***** DATA EXTRACTS

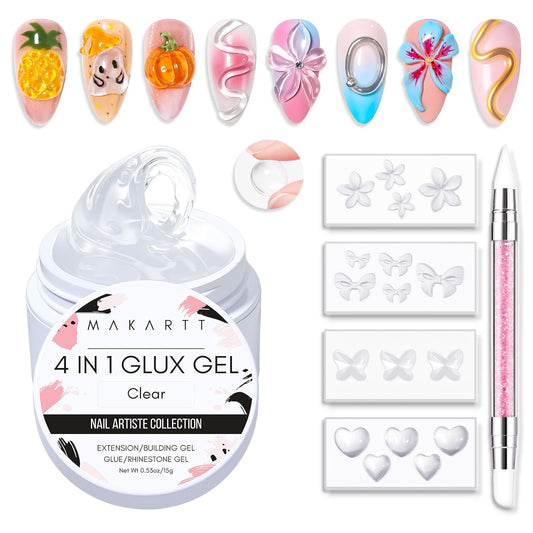 Makartt 3D Gel Nail Art: 4 in 1 Solid Gel Builder Kit for 15ML Nail Extension Gels, 4pcs Silicone Molds, 1 Sculpting Brush, UV Glue for Acrylic Nails Rhinestones Gels Molding Manicure Hard Gel Kit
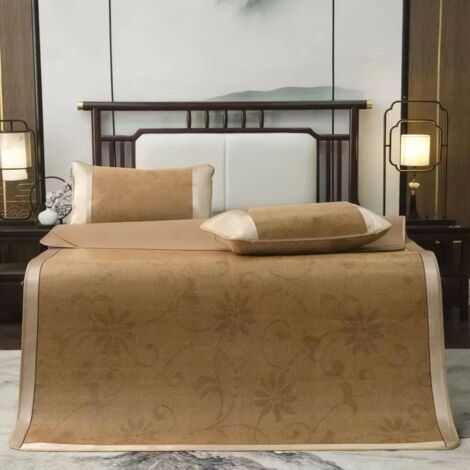 Materasso generico Kit tappetino estivo pieghevole in rattan di bambù Tappetino per dormire fresco Tappetino pieghevole in fibra di rattan Tappetino per letto matrimoniale (dimensioni : 3 Piece Set 20 (1/5)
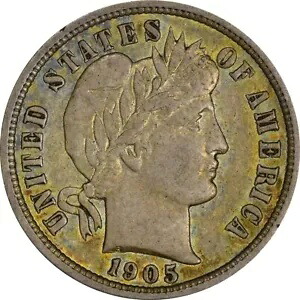 1905-O マイクロ O 10C PCGS AU55 CAC バーバー ダイム センテニアル コレクション 529391|WORLD RESOURCE【KING店】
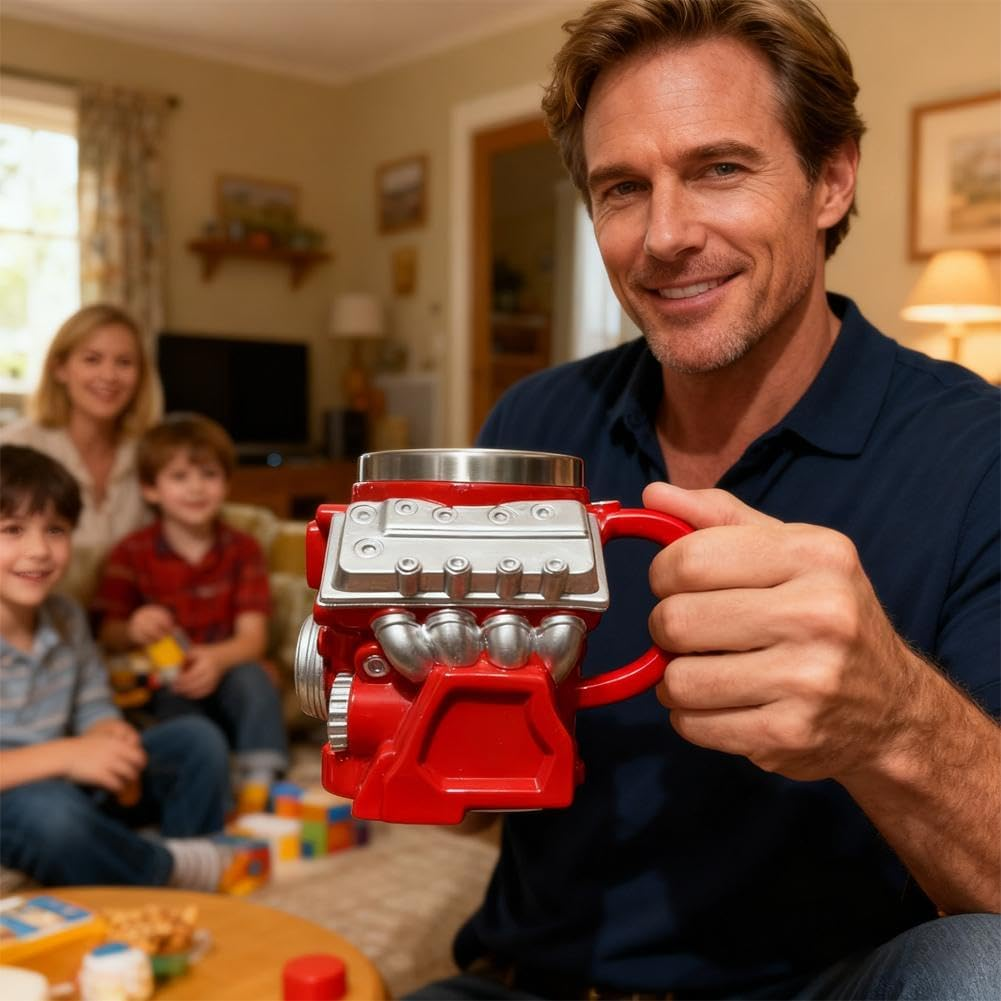 Retro Engine Coffee Mug, V8 Engines Stainless Steel Cup, 3D Mechanical Coffee Cup, Personalized Double Wall Insulation Car Mugs with Handle Perfect for Father'S Day, Christmas, Husband,Car Enthusiast image number 4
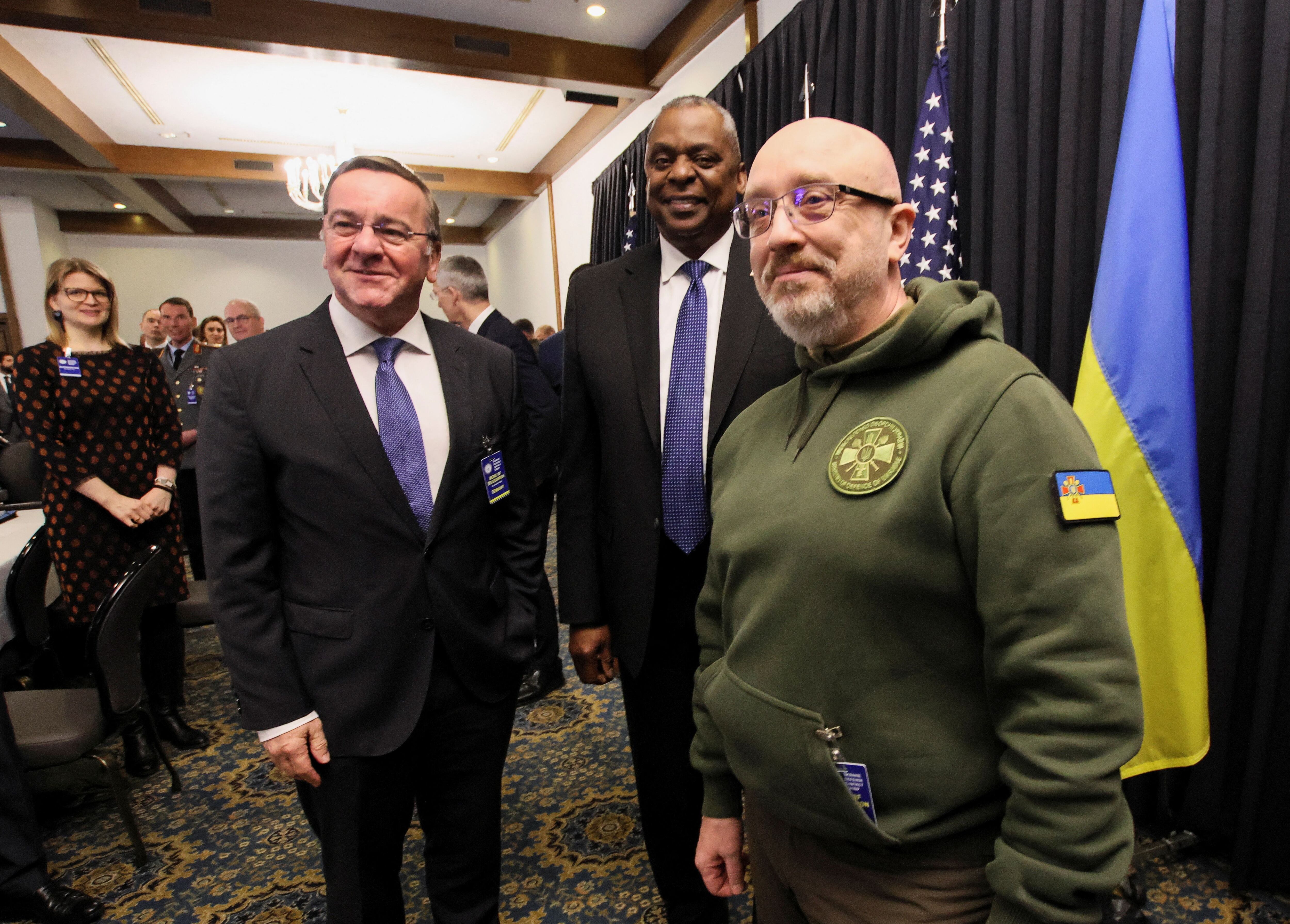 German Defence Minister Boris Pistorius meets with his U.S. counterpart, Secretary of Defense Lloyd Austin and Ukraine's Defense Minister Oleksiy Reznikov to discuss how to help Ukraine defend itself, at Ramstein Air Base, Germany, January 20, 2023. REUTERS/Wolfgang Rattay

**********

TASK DIRECTIONS: Print exactly the lines above that run from the one with "1905-O マイクロ O" down to the one with "Retro Engine Coffee", and omit the pictures.

RESULT FOR THIS EXERCISE:
 1905-O マイクロ O 10C PCGS AU55 CAC バーバー ダイム センテニアル コレクション 529391|WORLD RESOURCE【KING店】
 Retro Engine Coffee Mug, V8 Engines Stainless Steel Cup, 3D Mechanical Coffee Cup, Personalized Double Wall Insulation Car Mugs with Handle Perfect for Father'S Day, Christmas, Husband,Car Enthusiast image number 4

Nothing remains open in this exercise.